• **Assigned task**
In your copy, each record should read exactly as it does below, and no pictures should be present.

(Source data begins)

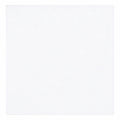 Thassos White (Greek) Marble 24x24 Honed Tile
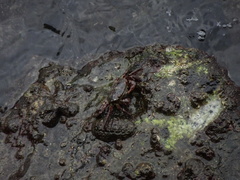 Hemigrapsus sanguineus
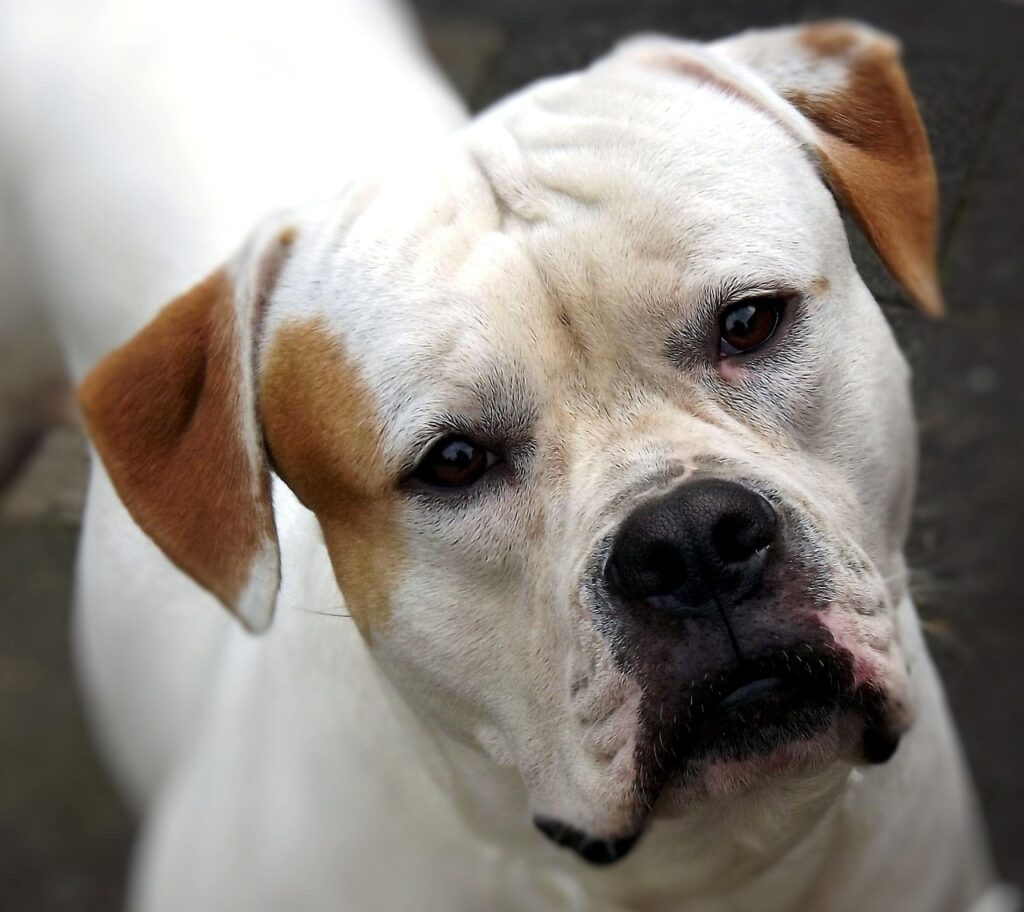 american-bulldog-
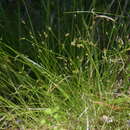 Слика од Carex rara subsp. rara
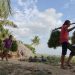 Pembudidaya Rumput Laut di NTT Mayoritas Perempuan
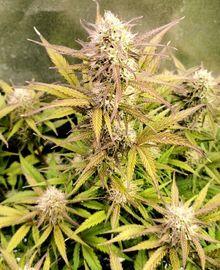 Auto Sweet ZZ in voller Blüte mit gelblich-violetten Blättern unter Indoor-Licht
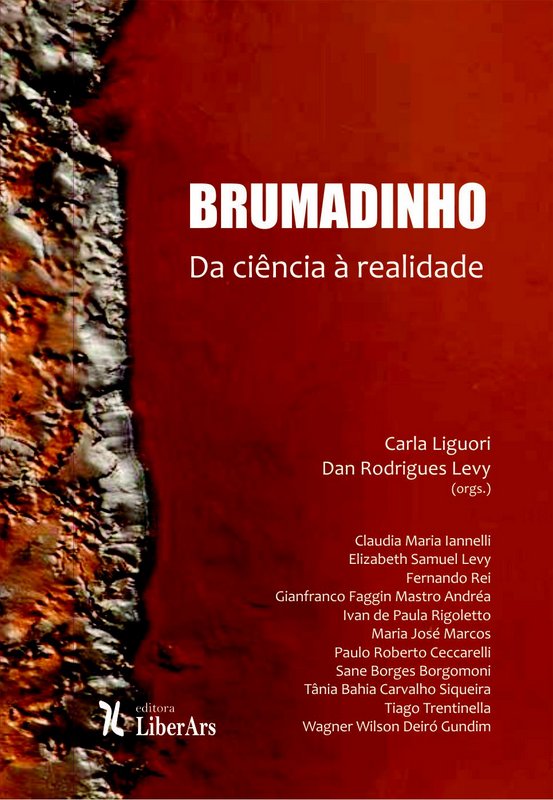 Livro Brumadinho - Da Ciência À Realidade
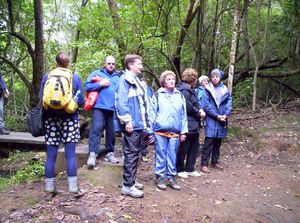 Image of shakespearmay06adwaterfall.jpg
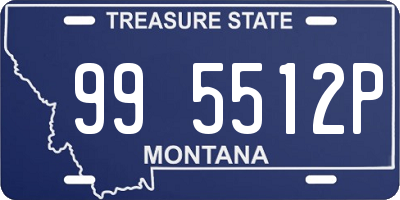 MT license plate 995512P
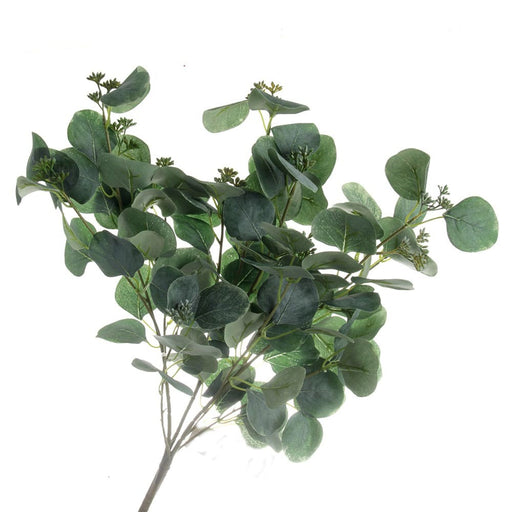 Populus Eucalyptus Bush - Green (48cm long)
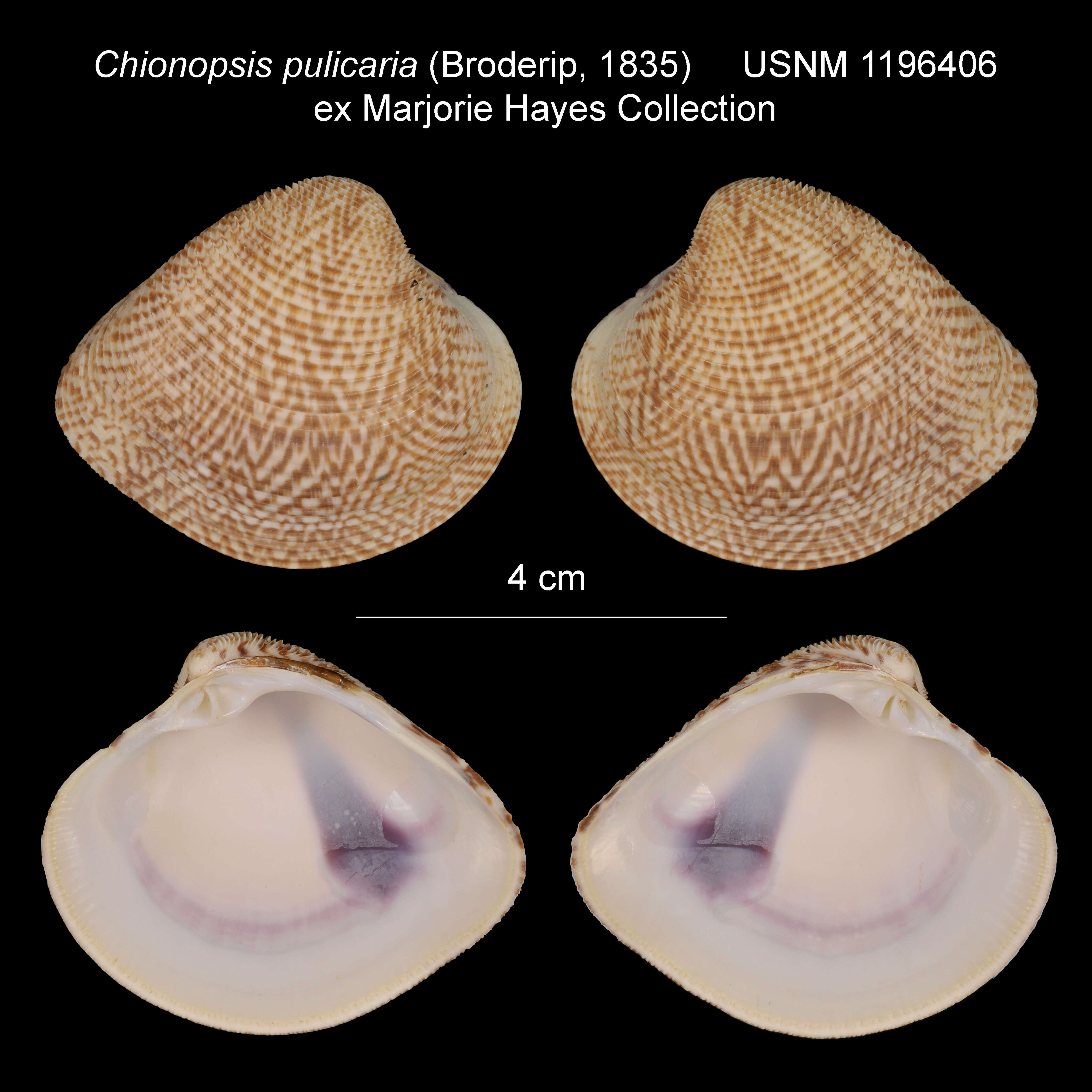 Image of Chione pulicaria (Broderip 1835)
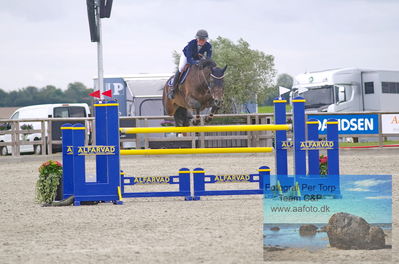 Alfarvad MA1 Springning Heste (135 cm) B7
Keywords: dm;pt;rikke andersen;twilight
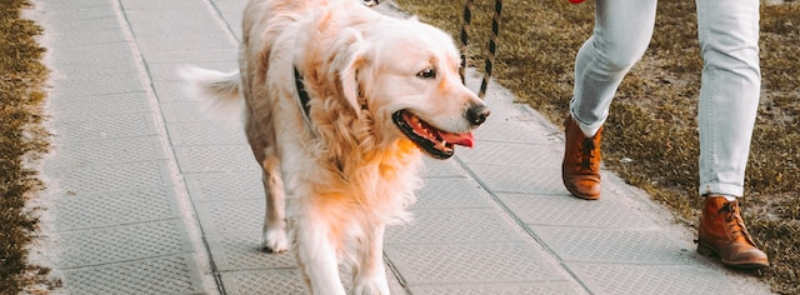 Walking the Dog Day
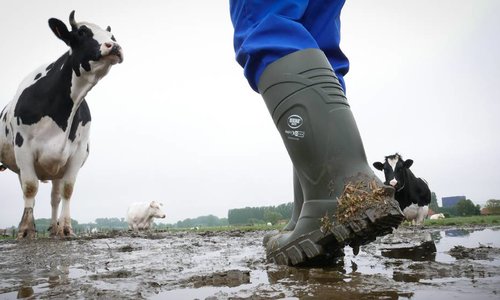 5 raisons pour lesquelles les agriculteurs ont besoin de bottes de travail de qualité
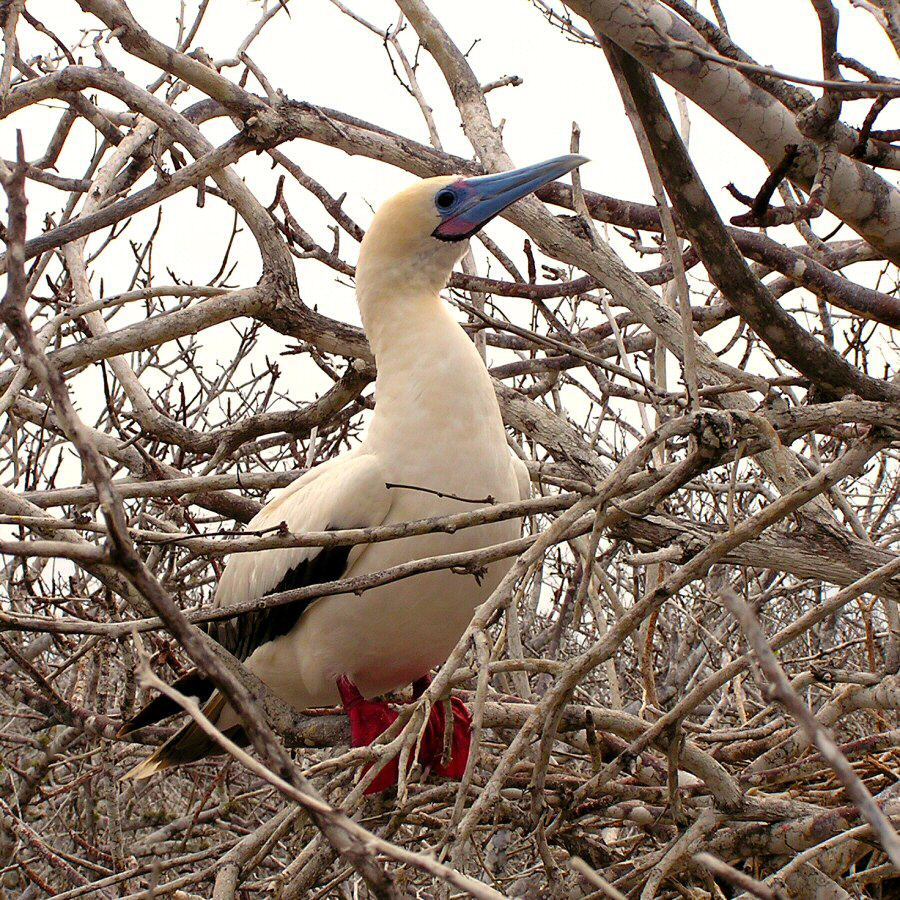 Galapagos red-footed booby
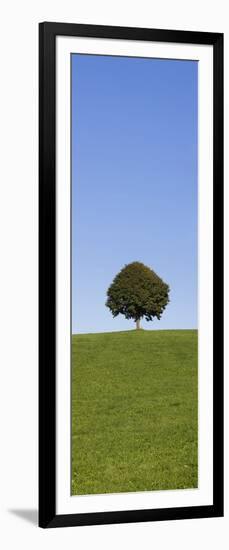 Single Tree on a Hill, Allgau, Swabia, Baden Wurttemberg, Germany, Europe-Markus Lange-Framed Photographic Print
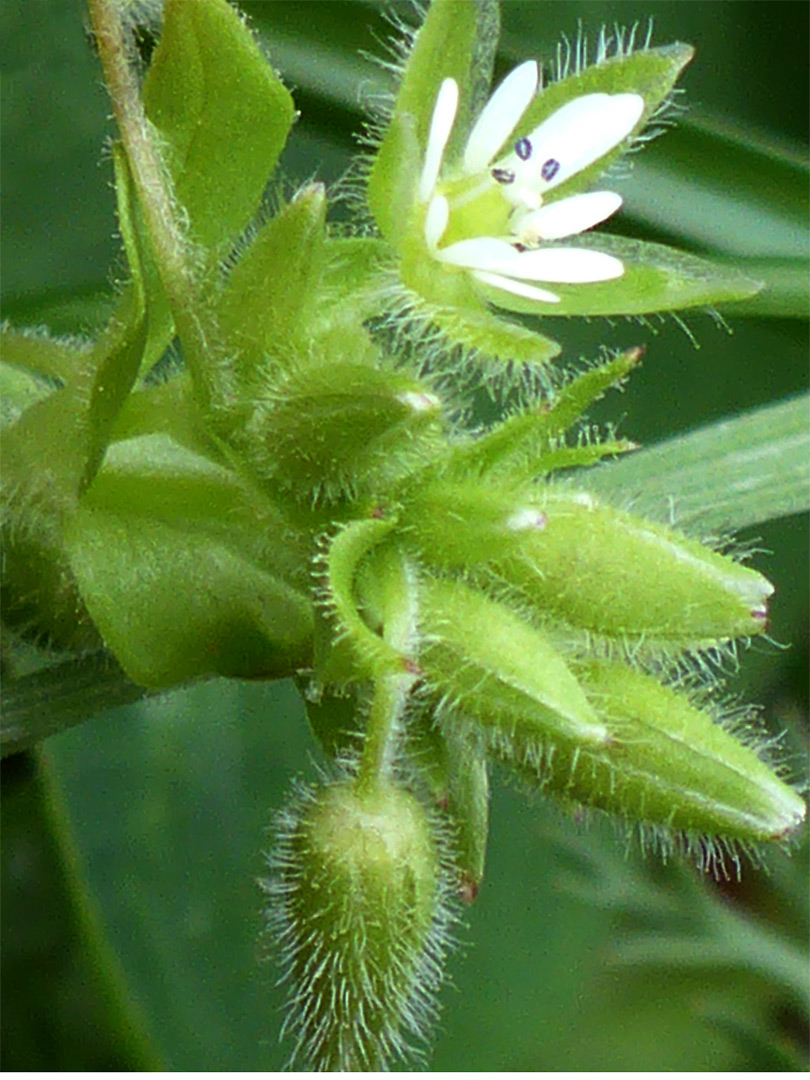 Buds and flower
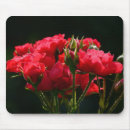 Search for budding mousepads Roses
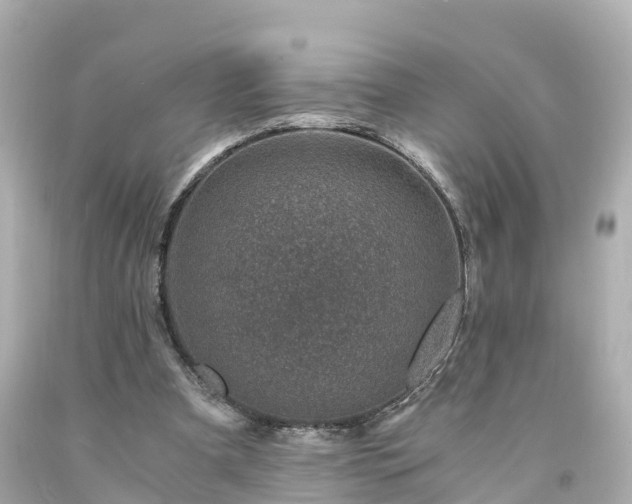 X0000094200297200711021058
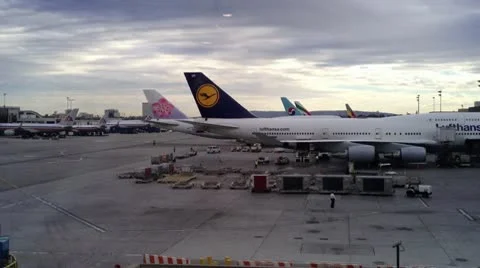 IMG 1972 Stock Footage 10565161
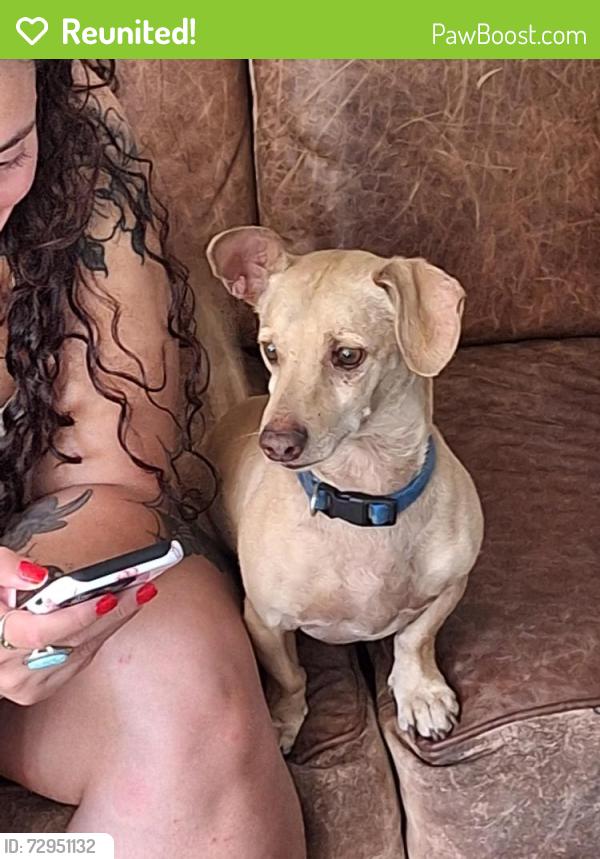 Reunited Male Dog last seen Watt and elkhorn , Sacramento, CA 95864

(Source data ends)

• **Solution to this exercise**
 Thassos White (Greek) Marble 24x24 Honed Tile
 Hemigrapsus sanguineus
 american-bulldog-
 Слика од Carex rara subsp. rara
 Pembudidaya Rumput Laut di NTT Mayoritas Perempuan
 Auto Sweet ZZ in voller Blüte mit gelblich-violetten Blättern unter Indoor-Licht
 Livro Brumadinho - Da Ciência À Realidade
 Image of shakespearmay06adwaterfall.jpg
 MT license plate 995512P
 Populus Eucalyptus Bush - Green (48cm long)
 Image of Chione pulicaria (Broderip 1835)
 Alfarvad MA1 Springning Heste (135 cm) B7
Keywords: dm;pt;rikke andersen;twilight
 Walking the Dog Day
 5 raisons pour lesquelles les agriculteurs ont besoin de bottes de travail de qualité
 Galapagos red-footed booby
 Single Tree on a Hill, Allgau, Swabia, Baden Wurttemberg, Germany, Europe-Markus Lange-Framed Photographic Print
 Buds and flower
 Search for budding mousepads Roses
 X0000094200297200711021058
 IMG 1972 Stock Footage 10565161
 Reunited Male Dog last seen Watt and elkhorn , Sacramento, CA 95864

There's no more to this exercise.